La presidenta de Brasil, Dilma Rousseff, ordenó hoy una "investigación rigurosa" de un pequeño derramamiento de crudo en un pozo en el océano Atlántico operado por la petrolera estadounidense Chevron.

La mandataria "determinó atención redoblada y una rigurosa investigación de las causas del accidente, así como de sus responsabilidades independientemente del tamaño del derrame", informó la Presidencia en un comunicado.

El derrame ocurrió el pasado miércoles en el campo de Frade, en la cuenca de Campos, la mayor región petrolera del país, donde se vertieron al mar cerca de 60 barriles de crudo, según cálculos de la empresa estadounidense.

El Ministerio de Minas y Energía, la Agencia Nacional de Petróleo (ANP) y la Marina "acompañan y apoyan" todas las medidas que ha tomado Chevron para interrumpir el derrame, según el comunicado.

Chevron posee una participación del 51,7 por ciento en Frade, la estatal brasileña Petrobras tiene un 30 por ciento y el resto pertenece al consorcio nipón Frade Japón Petróleo.

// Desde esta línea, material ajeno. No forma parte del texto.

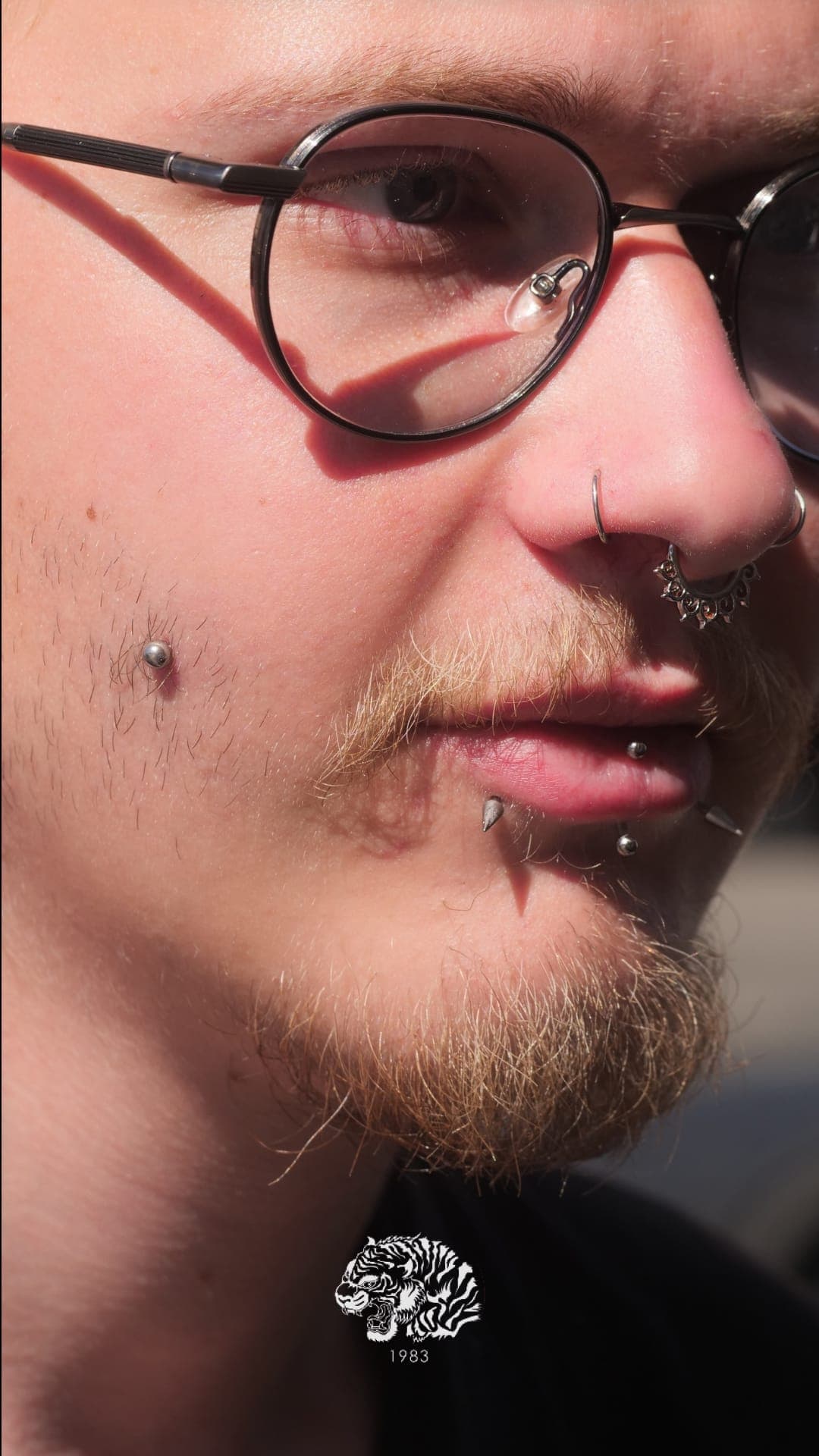 Cheeks - Snake bites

El yacimiento está localizado a unos 200 kilómetros de la costa de Río de Janeiro y se encuentra en aguas profundas, a 1.100 metros de profundidad bajo el lecho marino.

Frade cuenta con reservas probadas de entre 200 y 300 millones de barriles de crudo equivalente, según Chevron, que comenzó la extracción de crudo en 2009.